Speciation profiles provide information about the composition of organic compound emissions (e.g., the fraction that is benzene vs. propane, etc.). They are used with emissions inventories to indicate the composition of emitted organic compounds.  For photochemical modeling studies, several different organic compound speciation profiles have been developed and applied for oil and gas emission sources in the Uinta Basin (Lyman, 2015b), including profiles developed in SPECIATE 4.5 (EPA, 2018), profiles developed by the Utah Bureau of Land Management’s Air Resource Management Strategy study (AECOM, 2013) and profiles developed as part of the Western Regional Air Partnership’s WRAP-III (WRAP, 2015).

Some available speciation profiles were developed based on gas composition analysis, rather than from actual emission measurements, and inaccuracies in them likely exist. Other profiles were developed from emission measurements collected in other basins.  Speciation profiles for carbonyls, in particular, are inaccurate, either speciating too much (e.g., flaring profile) or too little carbonyls, and this inaccuracy could be an important reason that photochemical models fail to reproduce high ozone concentrations as observed during ozone pollution events in the Uinta Basin. Photochemical sensitivity tests of oil and gas VOC speciation profiles (Lyman, 2015b) indicated that simulated ozone concentrations are highly sensitive to the amount of formaldehyde and other carbonyls speciated in organic compound speciation profiles.

Ambient Air Chemistry


Ozone during winter inversions in the Uinta basin is formed in the same way as urban, summertime ozone – it forms when sufficient NOX and organic compounds exist in the atmosphere, and when sufficient sunlight exists to energize reactions between the NOX and organic compounds and create ozone.

Ozone formation requires the presence of radicals that catalyze reactions between NOX and organic compounds. For summertime ozone, the main source of radicals is reactions between water vapor and oxygen atoms to form OH radical. During cold winter months, the atmosphere holds less water vapor, and this pathway is curtailed. Instead, radical production is dominated by the photolysis of aldehydes in the atmosphere (Edwards et al., 2013; Edwards et al., 2014; Koss et al., 2015; Lyman, 2015b).

Ozone that forms during winter inversions is spatially correlated primarily with elevation (inverse correlation) and secondly with proximity to oil and gas wells. Wintertime inversions form first, last longest, and have the strongest negative lapse rates at the lowest elevations, which accounts for the strong correlation between ozone concentrations and elevation (Lyman and Tran, 2015).  

Ozone production is more efficient for inversion episodes that occur further away from the winter solstice. This means that, for a given level of precursor pollutants, ozone is produced much more quickly in February and March than in December and January. In March, the EPA standard can be exceeded after just one inversion day, while this may take several days for an early January episode (Lyman et al., 2018b).

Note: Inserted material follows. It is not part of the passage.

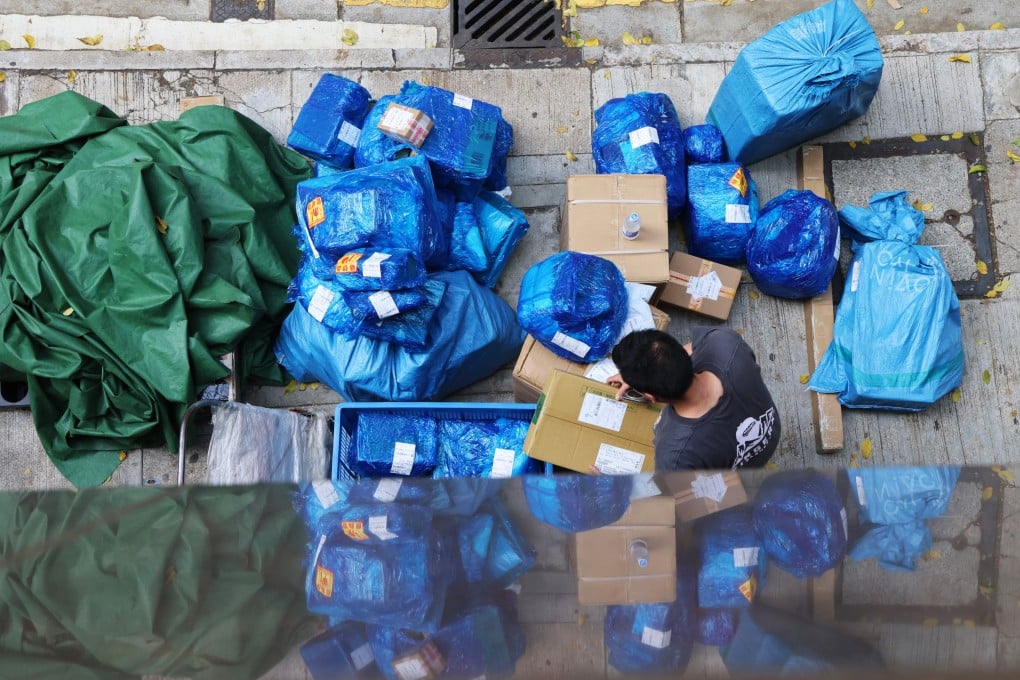 A courier worker handles parcels in Wan Chai. The US has lowered the tariff on small parcels from mainland China and Hong Kong from 120 to 54 per cent. Jelly Tse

Usually, ozone production is more efficiently controlled by reducing either organic compound or NOx Available evidence shows that:

  • Both organic compound and NOx emission controls would have been effective at reducing Uinta Basin winter ozone in 2013, at least in the Wonsits Valley area (i.e., at the Horsepool measurement station; Edwards et al., 2014), though NOx controls would have been more effective (Womack et al., 2019).
  • Photochemistry changes rapidly with the progress of the winter season. NOx controls become increasingly effective (relative to organic compound controls) as the year progresses away from the winter solstice (Lyman et al., 2014; Lyman et al., 2018b).
  • The Salt Lake Valley and the Uinta Basin both have wintertime inversion episodes that are associated with poor air quality.  In the Salt Lake Valley, in contrast to the Uinta Basin, these episodes result in high concentrations of particulate matter, not ozone.  The reason for the difference in air chemistry in the two areas is dramatically different emission profiles.  In the Salt Lake area, emissions of NOx are plentiful and organic compound emissions are relatively few.  The opposite is the case in the Uinta Basin (Womack et al., 2018).

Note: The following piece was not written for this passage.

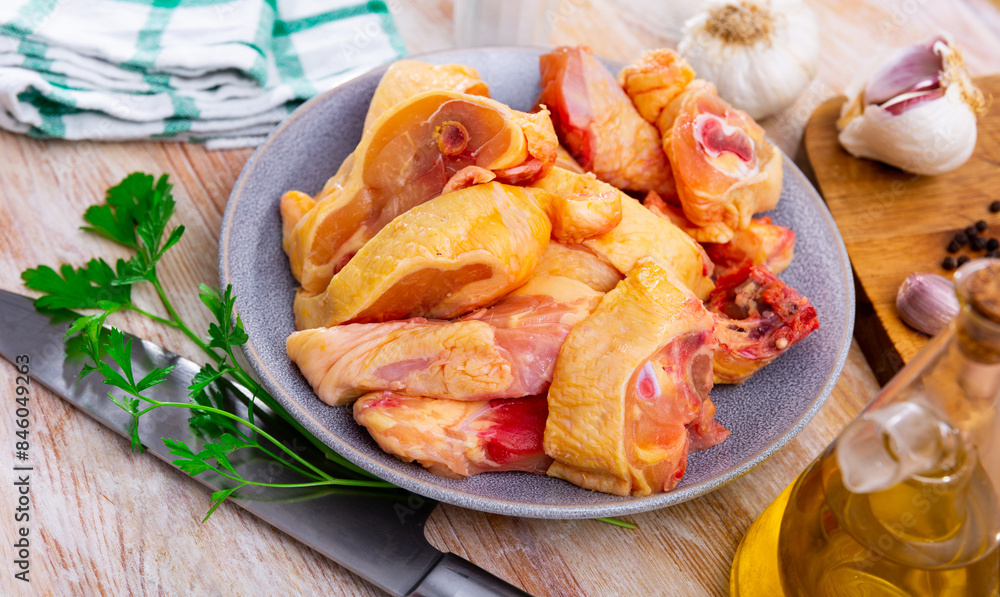 Wall mural chopped uncooked chicken and condiments on kitchen table. preparing food at home.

Monitoring stations in the Uinta Basin occasionally measure exceedances of the 70 ppb ozone standard during spring and summer. These exceedances are usually due to events separate from local anthropogenic emission sources, including wildfire smoke and intrusion of ozone-rich air from the stratosphere.

Wintertime ozone concentrations in the Uinta Basin, and the number of exceedance days per year, decreased between about 2013 and 2021.  Available evidence suggests that this decrease was caused by decreases in ozone precursor emissions (Mansfield and Lyman, 2021).

Organic Compounds

The relative concentrations of individual organic compounds (i.e., speciation) in the Uinta Basin atmosphere are similar to the speciation of natural gas, and clearly indicate that the primary source of these compounds is oil and gas production. This is true in populated and remote areas of the Uinta Basin (Stoeckenius et al., 2014).

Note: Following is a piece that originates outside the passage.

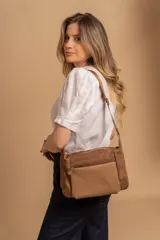 Bandolera de diseño moderno, color beige rosado, con correa regulable y bolsillo frontal con cierre.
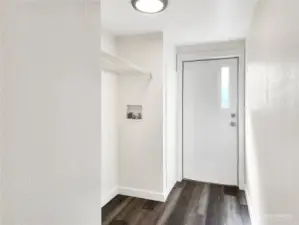 Laundry area with access to the back porch — function meets flow.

The spatial distribution of organic compounds in the Uinta Basin is strongly correlated with the distribution of oil and gas wells (Lyman and Tran, 2015).

Emissions from oil wells are richer in heavier organics relative to gas wells (Koss et al., 2015; Warneke et al., 2014), and the oil-producing and gas-producing regions of the Uinta Basin have distinct differences in organic compound speciation.

Concentrations of organic compounds increase during inversion episodes because emitted pollutants are trapped in the shallow layer under the inversion (Edwards et al., 2014).

The atmosphere under the inversion becomes relatively depleted in reactive organic compounds, including many aromatics, during daytime when photochemistry is active. Concentrations of reactive aromatics also decrease over inversion episodes relative to the concentrations of less reactive compounds (Koss et al., 2015).

Urban areas and oil-producing areas have higher concentrations of alkenes than gas-producing areas (Lyman et al., 2014).

Even though aromatic compounds are more reactive, less-reactive light alkanes (including propane, butanes, and pentanes) are much more abundant in the atmosphere and are responsible for a larger percentage of ozone production (Koss et al., 2015; Lyman et al., 2014).

Areas of the Uinta Basin with more oil wells have higher ambient concentrations of reactive organic compounds than areas with more gas wells.  These compounds include ethylene, propylene, and formaldehyde. Nnatural gas-fueled engines may be the source of these compounds (Lyman et al., 2021).

Much has been done to better understand the composition of organic compound emissions from the oil and gas industry, including as study led by the Utah Division of Air Quality (Wilson et al., 2020).  Many Uinta Basin-specific speciation profiles are available in the official EPA SPECIATE database ( 

The buildup of methane in the Uinta Basin atmosphere during inversion episodes has been detected from the TROPOMI satellite instrument (de Gouw et al., 2020).

Reactive Nitrogen

Nitrous acid (HONO) concentrations in the Uinta Basin atmosphere are relatively low, and HONO photolysis is not a major source of radicals (Wild et al., 2016). 

The highest concentrations of NOx are found in the populated areas of the Uinta Basin (Lyman et al., 2014; Schnell et al., 2016). 

Unlike organic compounds, NOx concentrations don’t tend to increase under inversion episodes, relative to inversion-free periods (Wild et al., 2016).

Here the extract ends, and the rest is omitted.